Con independencia de cuál sea su verdadero origen, el coronavirus es una máquina de destrucción total, capaz de quebrar los cimientos de nuestra civilización. Su expansión incontenible, que ha dejado en evidencia la precariedad del marco mundial de protección ante una plaga de proporciones bíblicas, ha causado estragos en los más diversos órdenes.
Es comprensible que un fenómeno tan insólito, en el último año de la segunda década del siglo veintiuno, no pudiera preverse, pero es más discutible que no pudiera vislumbrarse el escenario probable una vez que algunos gobiernos conocieron que el virus había iniciado su despliegue, como cuestionable que no estuviese articulado un sistema de prevención de riesgos de esa naturaleza; y completamente inaceptable que, tras la detonación, no se diseñara un plan de actuación racional sustentado en el mejor conocimiento científico disponible.
Dentro de la estrechez de los límites, las estrategias aplicadas por los distintos países han diferido en cuanto a las condiciones de los confinamientos, las prácticas sanitarias, el funcionamiento del aparato económico, y los esquemas de gobernanza de la crisis.
Como resultado de todo ello, nos encontramos con que, ante un problema común (bien es cierto que no manifestado con la misma intensidad en todos los sitios), los impactos no han sido uniformes. A priori, cabría esperar que la duración e intensidad del confinamiento mostrase una relación positiva tanto con el ahorro de vidas humanas como con el deterioro de la actividad económica.

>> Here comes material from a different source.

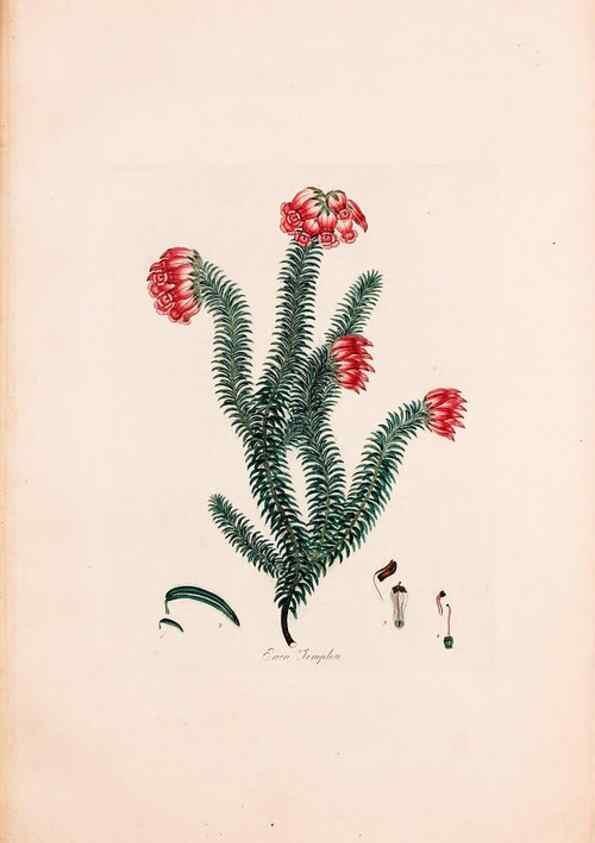 Reproducción/Reproduction 49157837522: Coloured engravings of heaths :. London :Published by the Author. Printed by T. Bensley,1802-09 [1830?]. 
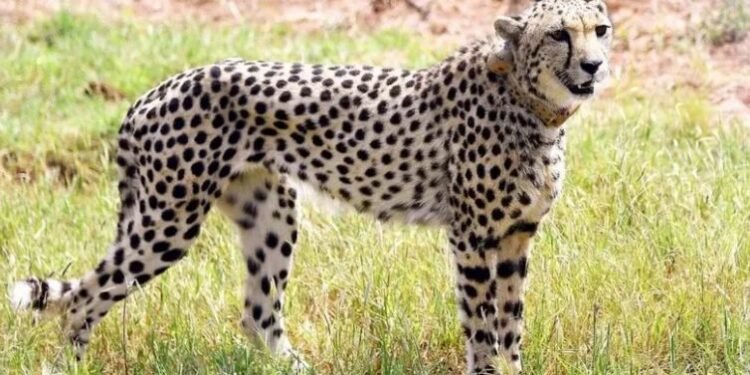 भारतिय प्रधनमन्त्री मोदीको जन्मदिनमा ८ चितुवालाई निकुञ्जमा छाडियो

¿Se observa en la práctica esa doble relación directa? Un gráfico recogido en el diario Financial Times, aquí reproducido, nos aclara la situación, al menos para un intervalo temporal significativo.
Es cierto que una imagen vale más que mil palabras, pero a veces es necesario facilitar su interpretación especificando los criterios utilizados, especialmente para aquellas personas que padecen algún tipo de “graficofobia”.
En el gráfico mencionado se conjugan dos criterios: en el eje horizontal, el número de fallecidos por coronavirus por cada millón de habitantes; en el vertical, la caída en el PIB en el primer semestre de 2020.
Respecto al eje horizontal, mientras más a la izquierda, mejor; mientras más a la derecha, peor. Respecto al eje vertical, mientras más arriba, mejor; mientras más abajo, peor.
Tomando como referencia la media de los países de la Unión Europea, quedan delimitados cuatro cuadrantes, numerados siguiendo el sentido de las agujas del reloj:
El cuarto (superior izquierda), que aglutina las mejores posiciones (menos fallecimientos, menor impacto económico), claramente el ideal.
El primero (superior derecha) y el tercero (inferior izquierda) presentan perfiles contrapuestos (muchas muertes, poco impacto económico, el primero; pocas muertes, fuerte impacto económico, el tercero).
El segundo (inferior derecha), claramente el peor (muchos fallecimientos, fuerte impacto económico).
En un horizonte a corto plazo, podríamos esperar, a tenor de los argumentos usualmente esgrimidos, que todos los países se situaran a lo largo de una línea o de una curva, con pendiente positiva, reflejando una conexión directa entre el número de víctimas (confinamiento más o menos severo) y la caída del PIB. Vemos que no es así, y observamos países dispersos en los mencionados cuatro cuadrantes.
Rompiendo esquemas, Finlandia aparece en una posición envidiable, exhibiendo unas de las menores dosis de negatividad en las dos variables objeto de comparación. En las antípodas se localizan dos países. Desgraciadamente, uno de ellos es España.